5. Manning v. Seeley Tube & Box Co., 338 U.S. 561, 70 S.Ct. 386, 94 L.Ed. 346, and Standard Roofing & Material Co. v. United States, 10 Cir., 199 F.2d 607, were cases in which the taxpayer attempted to change the basis of the tax. In the case at bar, nothing similar exists: no question here arises as to the amount of taxpayer’s income, the only question being the proportion of taxpayer’s income allocable to excess profits tax and income, respectively.3
6. In Superheater Co. v. Commissioner, 2 Cir., 125 F.2d 514, 516, cited by my colleagues, the decision turned on peculiar provisions of the Code under which the Board of Tax Appeals lacked jurisdiction to re-determine excess profits tax of a taxpayer on a review of the Commissioner’s determination of a deficiency in income tax. In the instant case, we face no such problem; for this is a suit, brought under 28 U.S.C. § 1346(a) (1) (ii), in the district court which has no such restrictions on its jurisdiction. Our opinion in that case concluded with the statement that “it seems clear that until the jurisdiction of the Board is further enlarged whatever procedural convenience might be attained by having a formal redetermination of the excess profits taxes in this particular instance must give way to the greater necessity for recognizing and giving effect to the limited statutory jurisdiction of the Board.” Note, too, how in Commissioner of Internal Revenue v. Gooch Milling & Elevator Co., 320 U.S. 418, at page 421, 64 S.Ct. 184, at page 186, 88 L.Ed. 139 (as pointed out above) the Court, holding that the Board lacked jurisdiction, distinguished Bull v. United States, supra, and Stone v. White, supra, on the ground that they related to suits not before the Board but to suits “for refund of taxes in tribunals possessing general equity jurisdiction.”

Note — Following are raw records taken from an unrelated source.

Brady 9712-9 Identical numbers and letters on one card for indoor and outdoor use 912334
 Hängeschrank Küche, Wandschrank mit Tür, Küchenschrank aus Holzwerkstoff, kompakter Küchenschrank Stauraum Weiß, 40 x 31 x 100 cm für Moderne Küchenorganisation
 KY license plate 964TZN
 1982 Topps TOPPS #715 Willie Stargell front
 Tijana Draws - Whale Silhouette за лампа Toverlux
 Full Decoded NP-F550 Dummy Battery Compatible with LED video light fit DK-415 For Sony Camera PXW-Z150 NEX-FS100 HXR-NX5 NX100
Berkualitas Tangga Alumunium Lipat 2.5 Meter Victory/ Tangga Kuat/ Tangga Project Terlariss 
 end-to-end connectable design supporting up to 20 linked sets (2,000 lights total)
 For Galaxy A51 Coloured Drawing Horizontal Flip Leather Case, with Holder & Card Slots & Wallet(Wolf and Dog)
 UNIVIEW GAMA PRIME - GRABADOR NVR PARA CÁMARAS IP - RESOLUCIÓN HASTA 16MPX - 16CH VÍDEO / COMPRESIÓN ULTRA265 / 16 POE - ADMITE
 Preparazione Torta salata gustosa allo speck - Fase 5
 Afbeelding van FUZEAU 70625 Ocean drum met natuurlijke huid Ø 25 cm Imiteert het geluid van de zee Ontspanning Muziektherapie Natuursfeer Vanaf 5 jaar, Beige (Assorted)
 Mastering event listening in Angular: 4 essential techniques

In Rosenthal v. Commissioner, 2 Cir., 205 F.2d 505, 512, the decision (so far as here pertinent) turned on the failure of the Commissioner to file a cross-appeal. Moreover, the court referred to “the settled rule that each taxable year is to be treated as a separate unit for, assessment and decisional purposes”, and that rule is irrelevant here.
7. For the foregoing reasons, I think that the income tax and the excess profits tax are not, in a case like this, to be considered wholly distinct from one another. If I am correct in this respect, then, the Code points the way to justice here. Section 321 provides: “If the taxpayer has paid as an installment of the tax more than the amount determined to be the correct amount of such installment, the overpayment shall be credited against the unpaid installments, if any. If the amount already paid, whether or not on the basis of installments, exceeds the amount determined to be the correct amount of the tax, the overpay-ments shall be credited or refunded as provided in section 322.” Section 322 (a) (1) provides: “Where there has been an overpayment of any tax imposed by this chapter, the amount of such overpayment shall be credited against any income, war-profits, or excess-profits tax or installment thereof then due from the taxpayer, and any balance shall be refunded immediately to the taxpayer.” And § 729(a) makes applicable to the *654excess profits tax all provisions applicable to the income tax which are not inconsistent with the specific provisions of the Chapter in respect of the excess profits tax.
. Emphasis added.
. Stone v. White, 301 U.S. 532, 535, 57 S.Ct. 851, 852, 81 L.Ed. 1265.
. In the Seeley Tube & Box Company case, supra, the Court expressly left open the interest question where a claimed abatement for deficiency had been assert-. ed before the deficiency was assessed, and this, too, in a loss-carry-back case where the arguments for exacting interest are far stronger than in the case at bar.